Til I am on vacation! yahoo! Two more days and we're off. It will be the last major vacation time until baby Chang makes his debut. These past few days have been kind of a whirlwind as we have started to prepare for all the baby stuff that will invade our house... So far we've...

* Gotten hand me downs (baby gear and some clothes) from Elaine, Andy's cousin. That was SO SO helpful. Let me tell you. I can't believe how expensive baby things are. Sheesh. If you want to gripe about a retail industry that preys upon the moms-who-want-the-best for their kids, then you for sure can gripe about the baby product industry.

* Re-arranged our master bedroom. We have a one bedroom apartment and Andy doesn't feel too good about sticking the baby out in the living room in the middle of the dead winter (he arrives in March) so we've decided to keep him in the room with us. It's funny but before you re-arrange your room, you may just be okay with the status quo of how its arranged. But, after you make some adjustments, at least in this case, I realize that our room has SO much more wall space, walking space, just space in general. I mean, I knew our bedroom was a pretty good sized room, but I am definitely appreciating that our bedroom is such a pretty good sized room! haha.

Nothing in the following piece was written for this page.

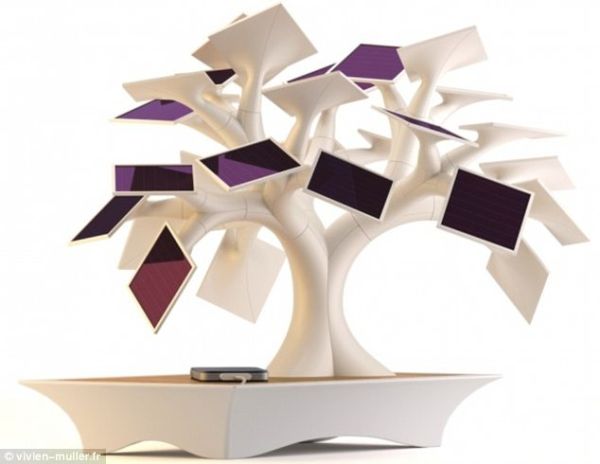 Solar powered bonsai tree charger by Vivien Muller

* Re-arranged our living room, dining room. So, because we had to re-arrange our bedroom, we've had to switch some furniture around the rest of the apartment so now our living room is slightly different (addition/subtraction of some pieces of furniture) and our dining room also has been updated. I intend to fight the war against clutter so hopefully the new arrangements will be conducive to that! After I finished school this past September, I've been purging and donating stuff that's been in our place for the 2.5 years that we've been there. So, before we started this whole re-arranging business, I've already gone through the whole apartment once and organized and re-organized all our belongings. Hehe. It's nice to be able to build upon what you've already done.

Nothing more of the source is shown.